Traumatic brain injury from accidents, falls and violent attacks is the leading cause of death and disability amongst young adults, and it is a growing problem amongst older people, too. So what actually happens inside your skull when you have a traumatic brain injury? We asked leading expert Professor David Menon from the University of Cambridge in the UK.
"What most lay people think about is if you have a traumatic brain injury you have a bang on the side of your head, there's a local injury to the skull, and maybe the underlying brain is injured. That does happen, particularly if there's a fracture of the skull, and the skull is driven into the brain. But that's unusual," says Menon.
He adds: "The two sorts of things that are much more common is that with high velocity injuries the brain is moving and the skull is moving, and then when the skull impacts something it stops moving. But the brain continues to move and hits it, the inside of the skull. The inside of the skull tends to be very rigid, and has sharp points on it, so that movement against the inside surface of the skull can cause bruising of the surface of the brain, what we call a contusion. It can also cause tearing of blood vessels and cause bleeding on the surface of the brain or inside the brain. Now all of these are abnormalities we can see on Cat scans, the routine scans that we get when patients come in."

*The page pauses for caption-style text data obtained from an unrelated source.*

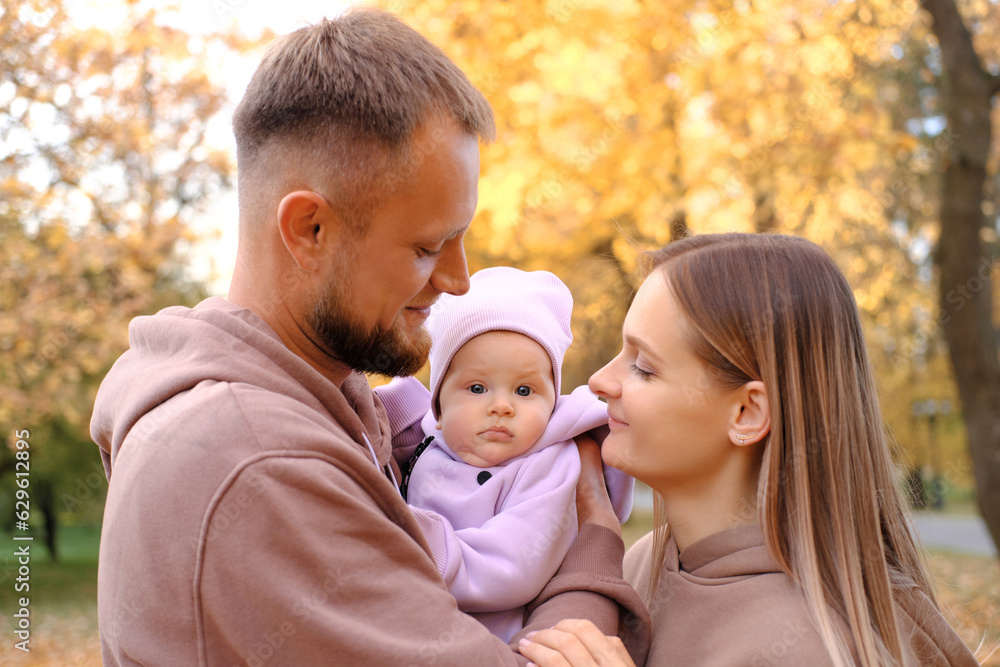 Young mother and father are walking with a newborn baby in the autumn park. Parents in identical tracksuits smile and look at the child Young mother and father are walking with a newborn baby in the autumn park. Parents in identical tracksuits smile and look at the child
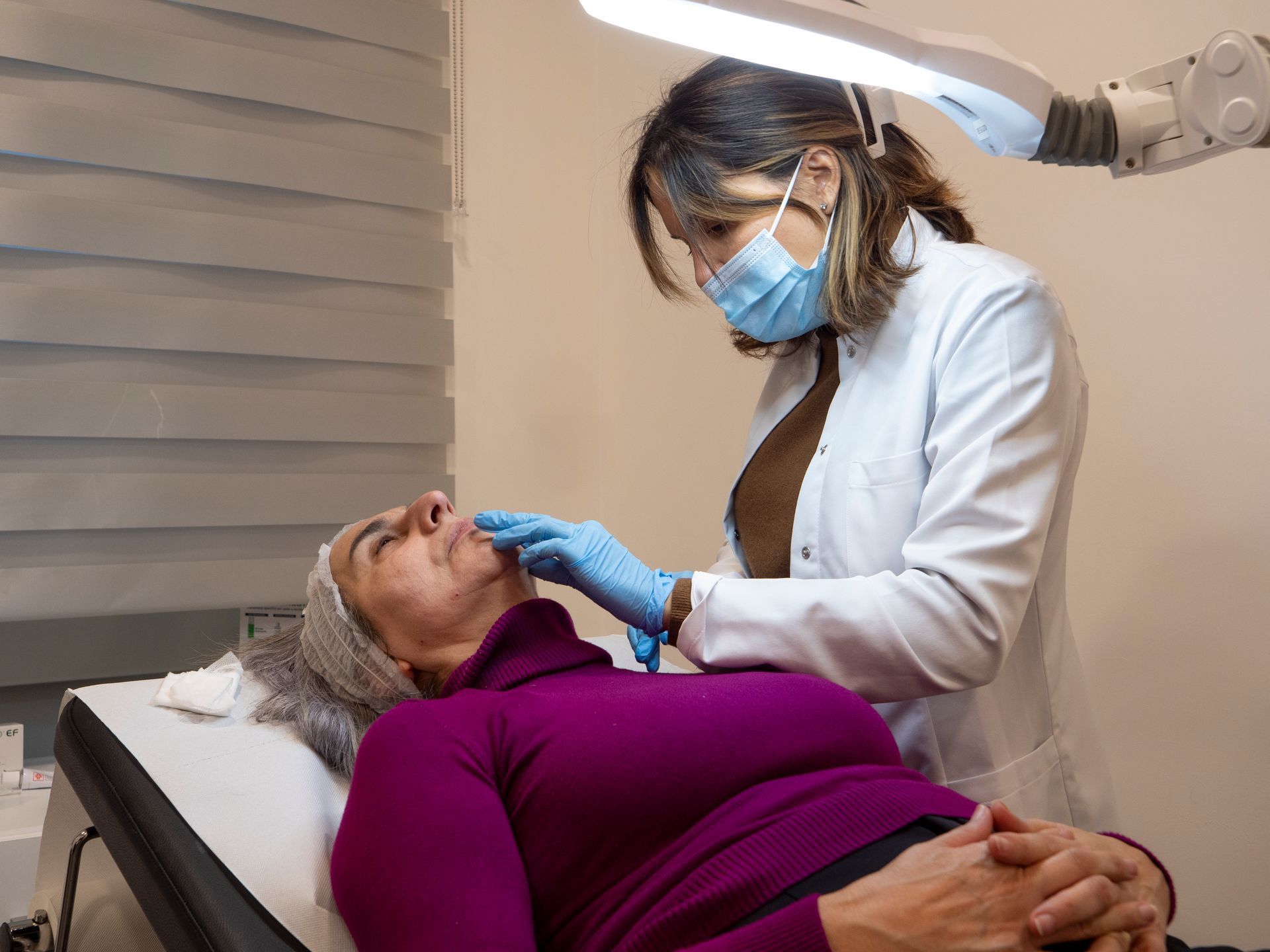 Una donna è sdraiata su un tavolo mentre un medico le esamina il viso.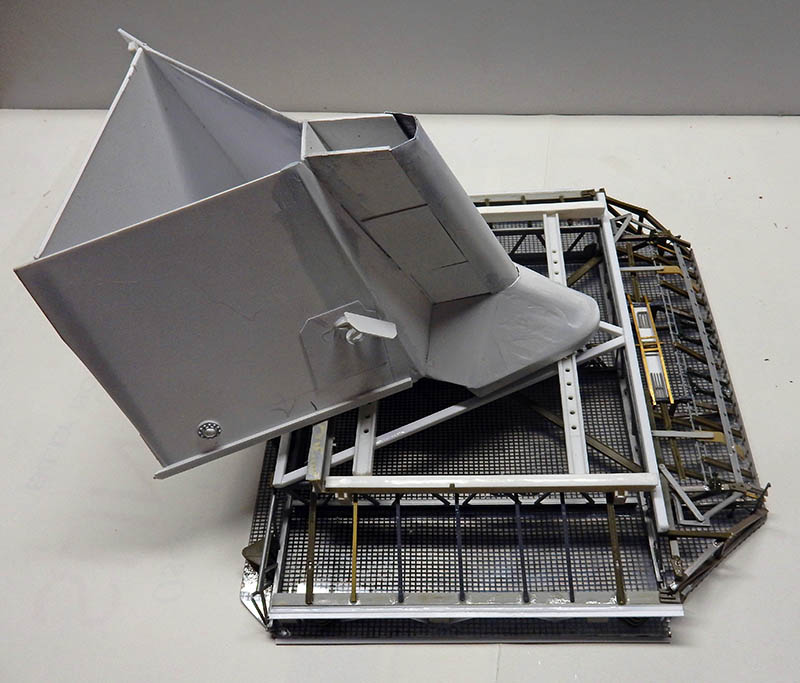 Maquette de proue grise en construction posée sur une structure métallique ajourée blanche et laiton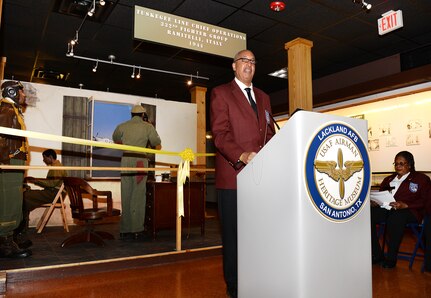 Retired Lt. Col. Rick Sinkfield, San Antonio Chapter president for Tuskegee Airmen Inc., gives a speech about the history and significance of the Tuskegee Airmen during World War II at the Airmen Heritage Museum March 24, 2015 at Joint Base San Antonio- Lackland. The Tuskegee Airmen is a group of African American military pilots who fought in World War II. Formally, they formed the 332nd Fighter Group and the 477th Bombardment Group of the United States Army Air Forces. (U.S. Air Force photo by Benjamin Faske)(released)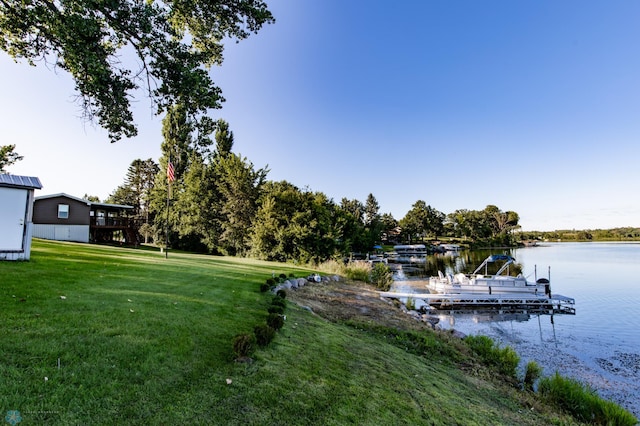 dock area featuring a water view and a lawn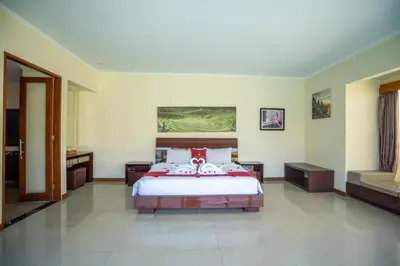 a bedroom with a large bed in a room at 1-BR Private Pool Villa Seminyak Kunti St in Seminyak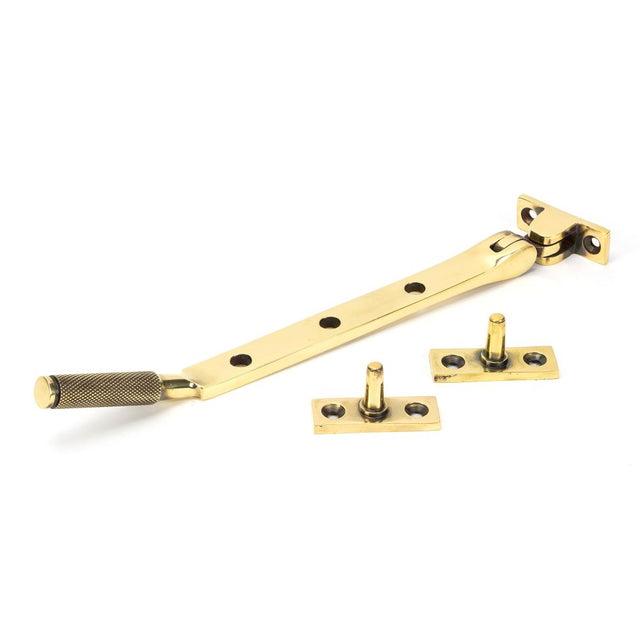 This is an image showing From The Anvil - Aged Brass 8" Brompton Stay available from trade door handles, quick delivery and discounted prices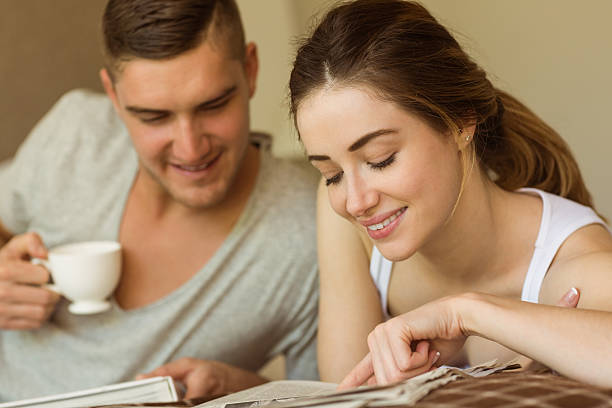 istock Cute couple reading newspaper in bed 518177073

Menon concludes by saying: "The third kind of injury can be a hidden kind of injury on conventional scanners. And that is a tearing of nerve fibres. So all the nerve fibres that come up from the spinal cord and go into the brain and fan out into the brain, and similarly all the nerve fibres that come down from the brain and go into the spinal cord, are individual stalks that are coming down. When there's a rapid acceleration, or deceleration, when the brain suddenly starts moving and stops moving, then these can tear, and cause what we call traumatic axonal injuries. So the axon is the nerve fibre. Those are not picked up easily on Cat scans. They show up on MRI, either directly or because of the blood vessels that tear alongside, and they are probably the most important cause of severe disability."